第7話・平和な昼時のこと

side:天橋翔


 やっと、お昼だ。正直に言おう。眠かった。


 前の日に受けた授業が三年前だったこともあり、浦島太郎状態だ。当然のように前の授業の続きとして教えていたが、ほとんど覚えていない。


 もともと成績がほどほどだったことや、三年もの間、勉強から遠ざかったこともあって明らかに学力は落ちている。


 まあ、いい。昼飯だ。


 ウチの高校は食堂があるし、学校内の購買で弁当も売っている。もちろん自前で弁当を持ってくることも出来る。


「今日も自作のおにぎりか?」


「うん、まあな」


 隣の席の北村が、机のうえにあるおにぎりを見てなんとも言えない顔をした。


 私立ということもあり、それなりに暮らしに余裕がある奴しかいない学校だ。富裕層も多い。おにぎりだけ持参しているのなんて、クラスだとオレだけになる。


「育ての親が亡くなったばかりだからなぁ」


 そう、三年前のオレは、ばあちゃんが亡くなり一人暮らしとなったことで食事は自然と簡単なものになっていた。無論、食堂で食べるお金がないわけじゃない。

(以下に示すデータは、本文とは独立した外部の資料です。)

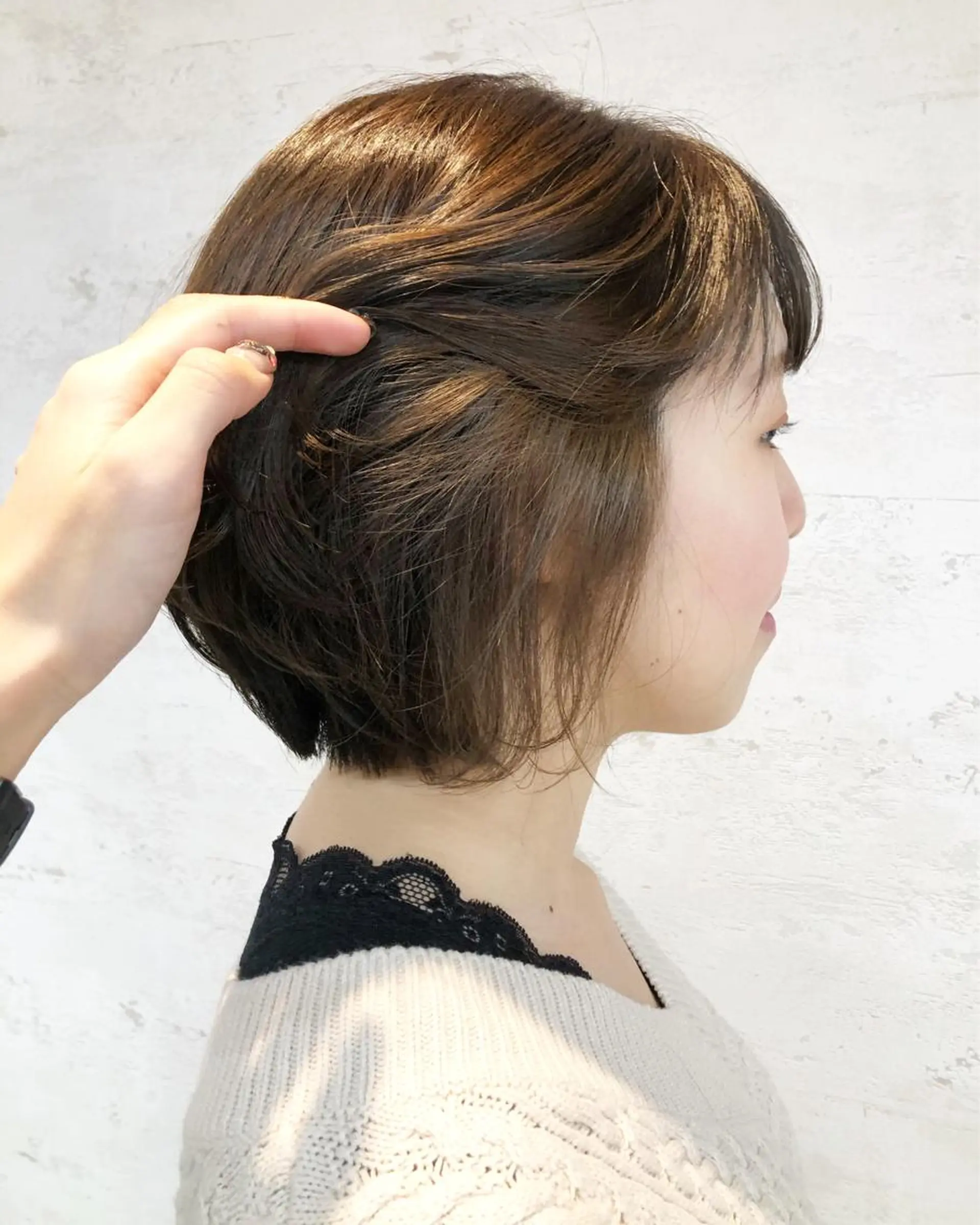 ミディアム カラー ヘアカラー 女性に人気♪ はやしほのかのヘアスタイル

 というか、そんなことまで話していたんだな。細かい会話とかあんまり覚えていない。


「それもあるけど、おにぎりが好きなんだよ」


 前と同じようにしたという事実もあるが、あっちにいる三年間は米とか食べられなかったからな。単純にご飯が食べられるのが嬉しいということもある。

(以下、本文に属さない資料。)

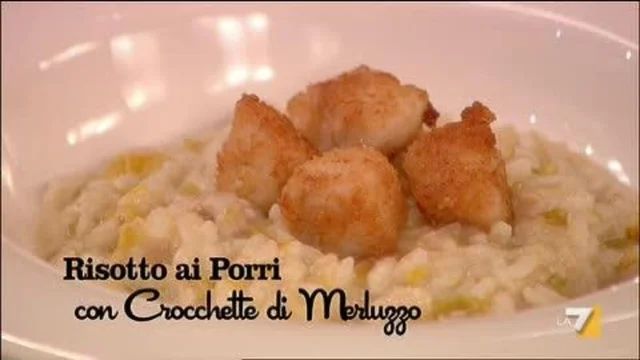 Risotto ai Porri con Crocchette di Merluzzo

 そんなものか? と言いたげな顔をしつつ北村は食堂に行った。オレは教室内の喧騒を聞きつつひとりでおにぎりにかぶりつく。


 ああ、海苔と塩の味がいい。ほんと美味しいなぁ。具材は、ばあちゃんと一緒に漬けた梅干しだ。ほんと酸っぱいけど、それがいい。

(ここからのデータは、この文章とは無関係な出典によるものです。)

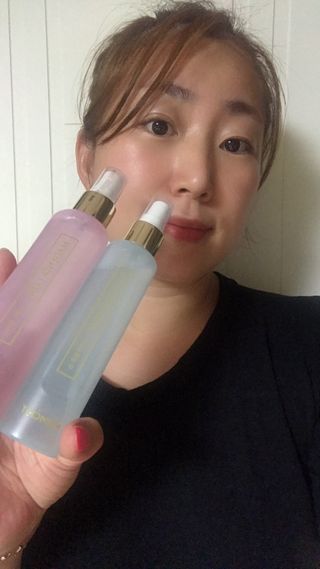 멈칫 X 최준 헤어 앤 바디미스트 소프트블루솝, 마젠타레이디 2종 — 5점을 준 리뷰어가 2021년 8월 올린 사용 사진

 家にいるみんなは大丈夫だろうか? 一応、食事は用意してレンジでチンするだけにしてあるんだけど。


 ひとつめのおにぎりをぺろりと平らげると、ふたつめ……?


 なんか、ぞわぞわとする。勇者として得ていた危機感知スキルが僅かに反応したように。


「あれ地震?」


「最近、地震多いよね」


 クラスメイトの女子が地震に気付いたが、特に気にするほどもなく弁当を食べている。確かに体感するギリギリくらいの地震だ。緊急地震速報も鳴らなかったくらいに。


 勇者として得たスキルと魔法が使えることは昨日確認した。魔王からは使わないほうがいいと助言されたが。身体能力もおおよそだが、魔王と戦っていた時の十分の一くらいはある。当然、元のオレとは比べものにならないレベルだ。


 危機感知スキル、地震にも反応するんだろうか? あっちでは自然地震なんて経験ないしなぁ。帰ったらフィーリアか魔王にでも聞いてみようか。


 ふと見ると、カラスが大群でどこかに飛んでいくのが見えた。




Side:霞が関


 重苦しい空気が会議室を支配していた。


 内閣府に数年前から設置されている極秘の部署、『超常現象対策室』の面々と省庁の中でも選りすぐりの者たちによる会議が行われている。


「相も変わらず原因は不明ですか。困ったものですな」


 ひとりの男が放り投げるように書類を机に投げ出すと、そこには『第十五回、中期超常空間解析報告書』という文字が並ぶ。続けて『仮称ダンジョン』とある。


「科学の敗北か?」


「さて、それはなんとも言えん。将来的には解析出来る余地はあるともある」


「それは学者連中が予算欲しさに言っているだけでは?」


「機密保持出来る学者が限られているんだ。仕方あるまい」


 うんざりする。そう言いたげな男も中にはいる。すべての者が国や世の中のために奉仕するために公務員になったわけではない。自分のため、暮らしのためになった者が多いのだ。


 訳の分からない対策チームに抜擢されたことに不満を抱えている者もいる。これが功績になるならばいいが、機密扱いなため昇進に役立つかすら定かではない。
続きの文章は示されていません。